The present application claims the priority benefit of U.S. provisional patent application No. 61/189,358 filed Aug. 18, 2008 and entitled “Method for Scalable Work Load Management on Multi-Core Computer Systems,” the disclosure of which is incorporated herein by reference.

BACKGROUND OF THE INVENTION

1. Field of the Invention

The present invention generally relates to work load management. More specifically, the present invention relates to dynamic resource allocation on computer systems that make use of multi-core processing units. The present invention further relates to networks of computers with a plurality of computational nodes, which may further implement multi-core processing units.

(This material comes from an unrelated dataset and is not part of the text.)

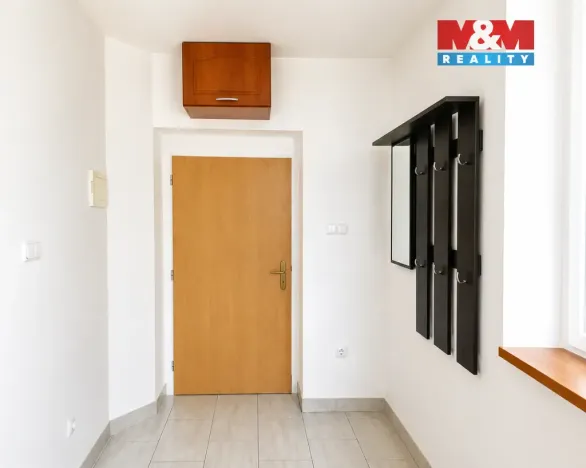 Pronájem bytu 1+kk, Senohraby, Hlavní, 29 m2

2. Description of the Related Art

Amdahl's law is a model for the relationship between the expected speedup of parallelized implementations of an algorithm relative to the serial algorithm, under the assumption that the problem size remains the same when parallelized. The law is concerned with the speedup achievable from an improvement to a computation that affects a proportion P of that computation where the improvement has a speedup of S. Amdahl's law states that the overall speedup of applying the improvement will be:

$\frac{1}{(1 - P) + \frac{P}{S}} .$

Assume that the run time of an old computation was 1 for some unit of time. The run time of the new computation will be the length of time the unimproved fraction takes, which is (1−P), plus the length of time the improved fraction takes. The length of time for the improved part of the computation is the length of the improved part's former run time divided by the speedup thereby making the length of time of the improved part (P/S). The final speedup is computed by dividing the old run time by the new run time as formulaically reflected above.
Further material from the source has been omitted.